Business

Harris County homeownership falls, housing affordability worries grow

Harris County lost 19,000 owner-occupied households as insurance bills jumped 17%, deepening fears that longtime residents are being priced out of ownership.

Sarah Chen··2 min read
Published
Listen to this article0:00 min
Harris County homeownership falls, housing affordability worries grow
Source: Community Impact

Homeownership slipped again in Harris County as insurance bills climbed, rents stayed high and more households found the monthly math harder to make work. Rice University’s Kinder Institute for Urban Research said the county lost about 19,000 owner-occupied households, a 1.9% decline, while Houston lost about 7,750 Black-homeowner households, a 5.4% drop.

The decline was the largest in Harris County since 2010 and the sharpest recorded by the institute since it began annual tracking in 2005. Kinder researcher Stephen Averill Sherman said the losses were larger than the worst declines during the Great Recession, a sign that the region’s housing squeeze is being driven by deeper structural pressures rather than one bad year.

AI-generated illustration
AI-generated illustration

The strain is showing up on both sides of the market. More than half of renters are cost-burdened, at 52.6% in Houston and 51.2% in Harris County, meaning housing takes up too much of the household budget. Nearly one-quarter of homeowners are also cost-burdened, including 24.4% in Harris County and 23.9% in Houston. Kinder’s abstract says the region is facing an escalating affordability crisis driven by stagnant wages, persistent inflation and rising housing costs, and that many families are being forced to choose between housing and basic needs like food or health care.

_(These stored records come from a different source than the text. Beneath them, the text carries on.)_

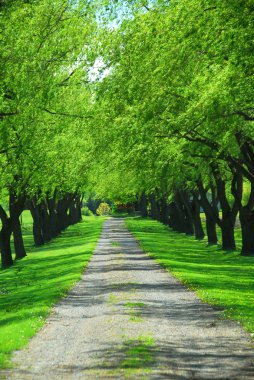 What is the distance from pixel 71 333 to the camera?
14625mm

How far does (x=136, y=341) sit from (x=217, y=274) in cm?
1626

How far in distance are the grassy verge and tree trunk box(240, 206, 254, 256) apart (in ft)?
2.19

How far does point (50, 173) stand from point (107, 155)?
10.4ft

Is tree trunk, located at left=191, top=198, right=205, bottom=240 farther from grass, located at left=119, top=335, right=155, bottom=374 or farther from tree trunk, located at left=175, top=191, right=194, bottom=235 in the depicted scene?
grass, located at left=119, top=335, right=155, bottom=374

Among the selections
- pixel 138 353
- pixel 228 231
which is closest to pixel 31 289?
pixel 138 353

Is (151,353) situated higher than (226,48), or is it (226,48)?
(226,48)

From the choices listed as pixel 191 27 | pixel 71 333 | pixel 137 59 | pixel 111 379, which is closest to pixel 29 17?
pixel 137 59

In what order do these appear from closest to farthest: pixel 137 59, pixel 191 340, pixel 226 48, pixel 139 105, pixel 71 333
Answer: pixel 191 340 → pixel 71 333 → pixel 226 48 → pixel 137 59 → pixel 139 105

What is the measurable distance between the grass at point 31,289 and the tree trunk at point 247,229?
27.6 feet

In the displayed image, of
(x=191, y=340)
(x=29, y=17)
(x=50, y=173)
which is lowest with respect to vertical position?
(x=191, y=340)

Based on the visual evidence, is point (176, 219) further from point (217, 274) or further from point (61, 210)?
point (217, 274)

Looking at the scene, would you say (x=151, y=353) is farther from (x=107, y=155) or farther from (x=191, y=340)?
(x=107, y=155)

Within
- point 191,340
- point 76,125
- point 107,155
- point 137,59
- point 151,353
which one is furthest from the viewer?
point 107,155

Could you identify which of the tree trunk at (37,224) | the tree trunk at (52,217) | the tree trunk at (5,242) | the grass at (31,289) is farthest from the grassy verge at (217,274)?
the tree trunk at (52,217) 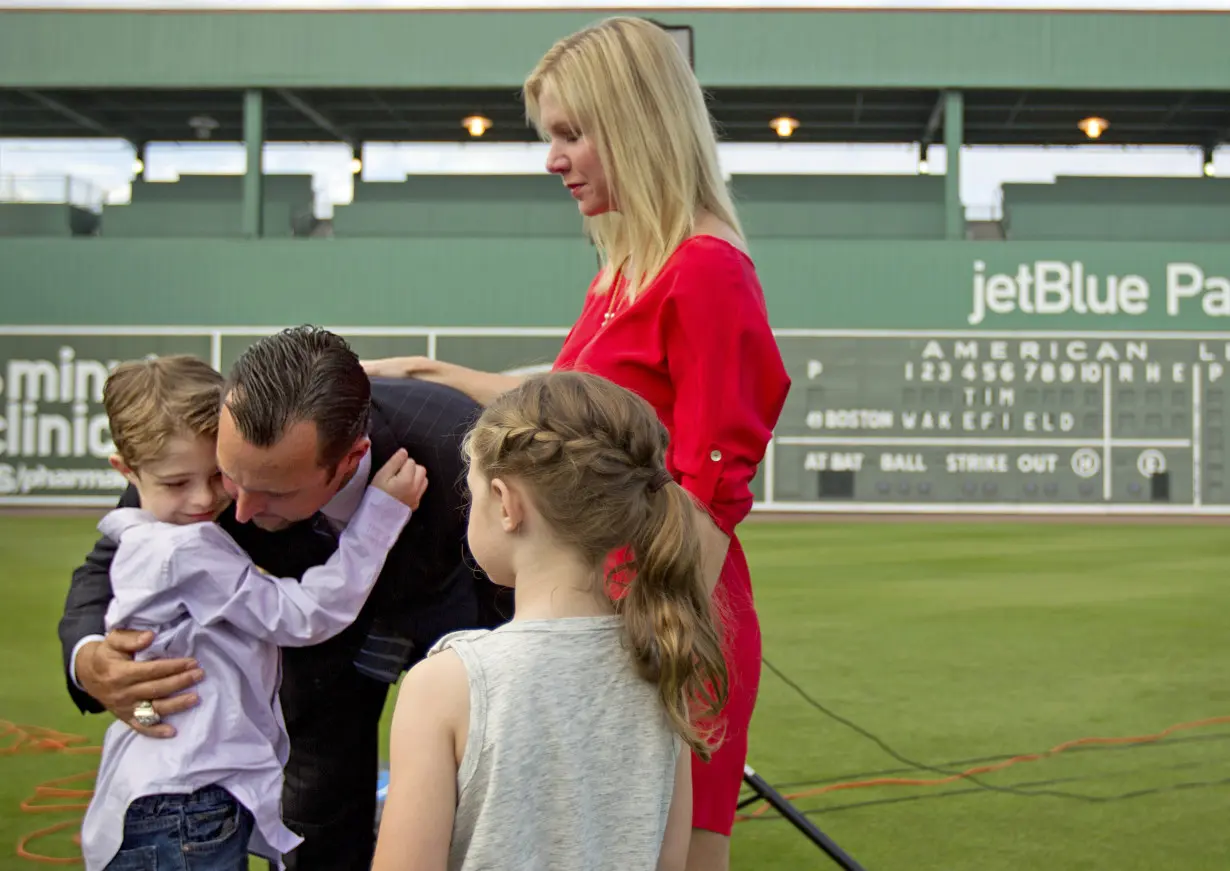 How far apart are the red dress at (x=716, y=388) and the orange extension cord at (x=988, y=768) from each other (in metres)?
2.38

Insurance is making ownership even more expensive. Homeowners’ premiums rose 17% in Harris County in one year to $2,303 and 13% in Houston to $2,166. The report also says roughly 1 in 4 housing units in Houston sit in a floodplain under preliminary FEMA maps, a reminder that long-term risk is feeding the cost of staying in place.

The pressure is not easing through new construction alone. Harris County added more than 30,000 multifamily units, outpacing single-family construction, and most of the new building was in the suburbs or exurbs. Kinder warned that cheaper homes farther from jobs, grocery stores and transit can erase some of the savings once transportation costs are added in. Eviction filings remained elevated in 2024, averaging 1 filing per 10 households countywide and more than 1 per 5 rental households in some areas beyond Beltway 8.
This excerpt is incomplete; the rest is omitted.